*** Opening of Data shown ***
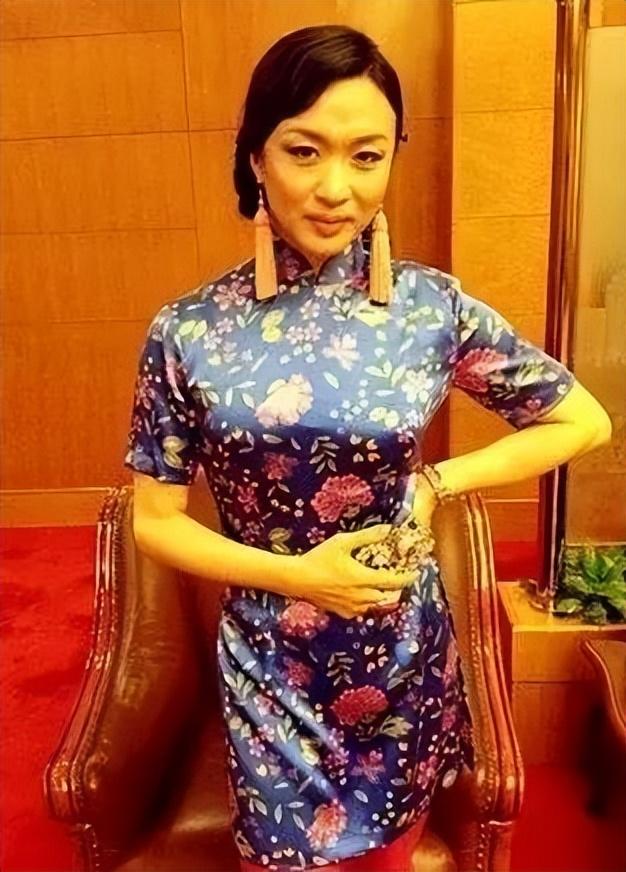 回顾金星和妻子结婚10年离婚时已是女儿身再婚后被丈夫宠成宝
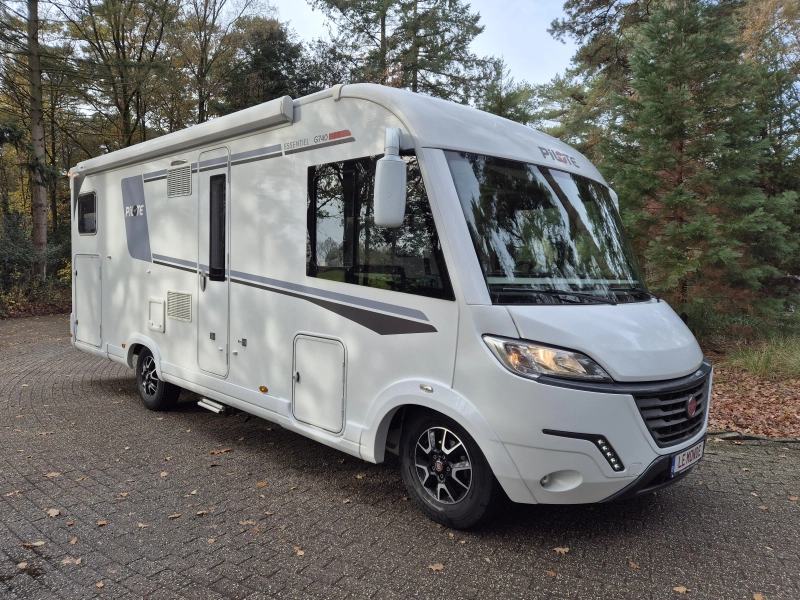 Pilote Essentiel G 740 AUT. 9-T TWINBED TV Solar  foto: 0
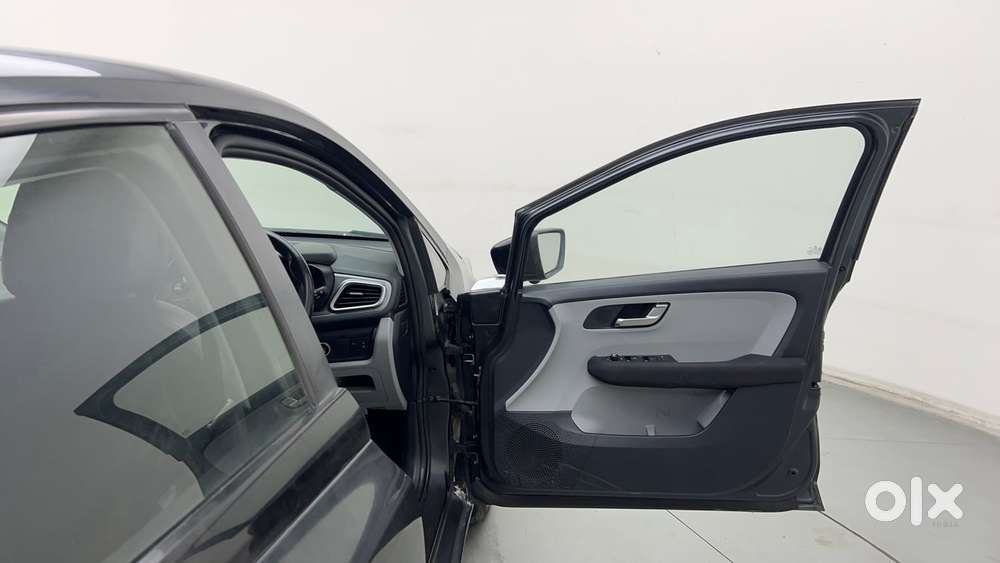 Tata Altroz Xz, 2020, Petrol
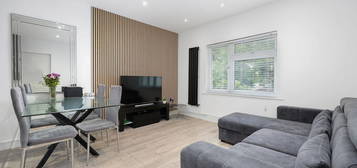 Flat for sale in The Vale, London NW11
*** Close of Data shown ***
Goal of the exercise
The line containing "Tata Altroz Xz, 2020, Petrol" and every line after it, through the end of the data, are to be output exactly. Omit the pictures.

Solved problem
 Tata Altroz Xz, 2020, Petrol
 Flat for sale in The Vale, London NW11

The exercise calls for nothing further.